WORK INSTRUCTION:
The expected response is the full listing, retyped exactly, without its images.

DATA EXCERPT:

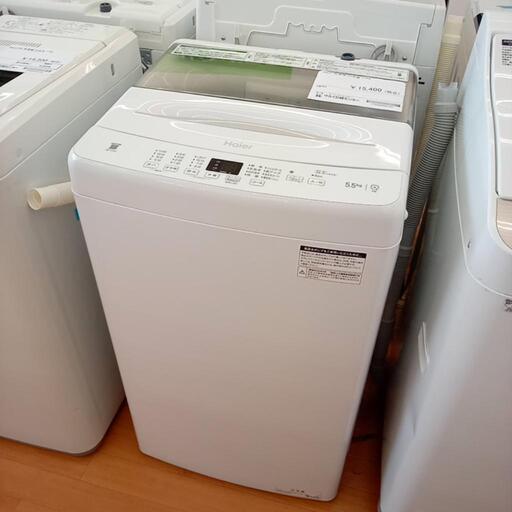 ★ジモティ割あり★ Haier　洗濯機　23年製　5.5kg　クリーニング済　YJ2316
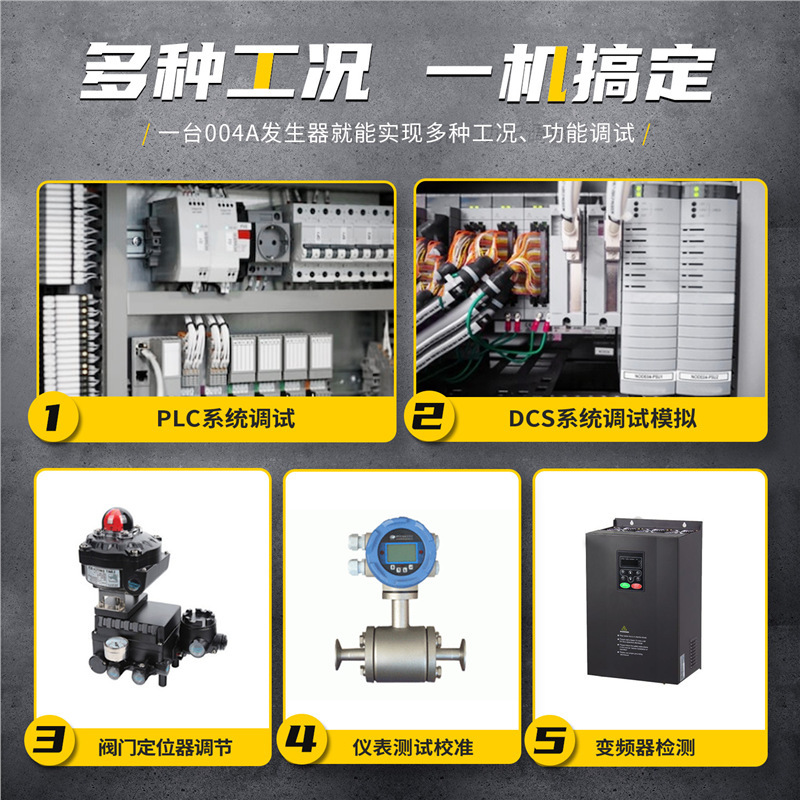 SG-004多功能信号发生器4-20ma模拟量电流压热电偶电阻过程校验仪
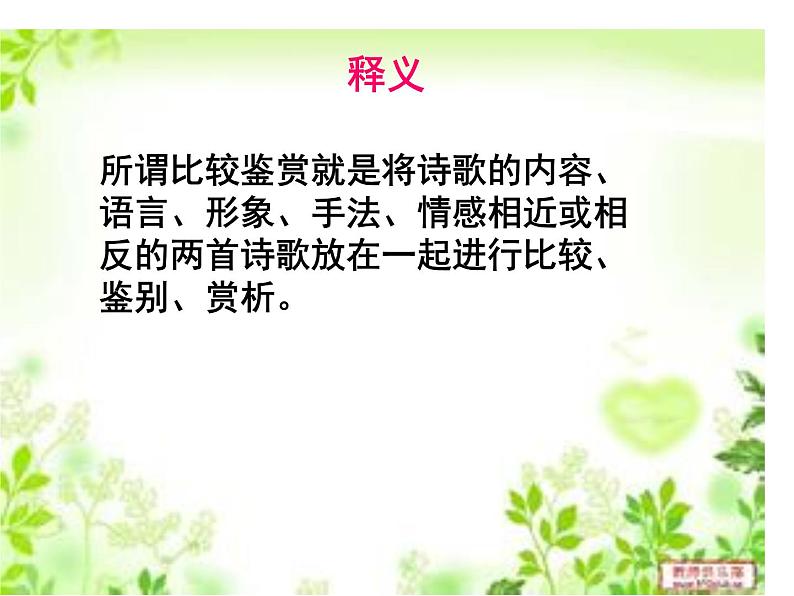 2020-2021学年 高中语文 二轮复习诗歌比较鉴赏课件(18张)第5页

ANSWER BELOW:
 ★ジモティ割あり★ Haier　洗濯機　23年製　5.5kg　クリーニング済　YJ2316
 SG-004多功能信号发生器4-20ma模拟量电流压热电偶电阻过程校验仪
 2020-2021学年 高中语文 二轮复习诗歌比较鉴赏课件(18张)第5页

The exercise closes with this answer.